Answer: 2 seconds p. A-17
5. What complications may arise from chest compressions?
Answer: fractured ribs, lacerated liver, fractured sternum p. A-21
6. When is the best time to switch positions when performing two-person CPR?
Answer: during pulse checks p. A-27
7. How deep are chest compressions for an infant?
Answer: 1/2˝ to 1˝ p. A-28
8. For which patients are chest thrusts appropriate?
Answer: women in advanced pregnancy, obese patients, and children younger than 1 year p. A-13
9. If a patient has a partial airway obstruction with good air exchange, what should you do?

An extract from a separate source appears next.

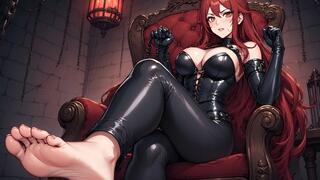 Female Domination Confessions #2: Weakening Wills Through Endless Gooning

Answer: encourage the patient to cough; simply stay with and monitor the patient; give 100% oxygen using a nonrebreathing mask; provide prompt transport p. A-14
Student Quiz
Name:
Date:
1. When considering which CPR technique to use, what is the age range for a child?
2. Under what situations would you not begin CPR?
3. What does the acronym STOP stand for?
4. Over how much time should a rescue breath be delivered for an adult?
5. What complications may arise from chest compressions?
6. When is the best time to switch positions when performing two-person CPR?
7. How deep are chest compressions for an infant?
8. For which patients are chest thrusts appropriate?
9. If a patient has a partial airway obstruction with good air exchange, what should you do?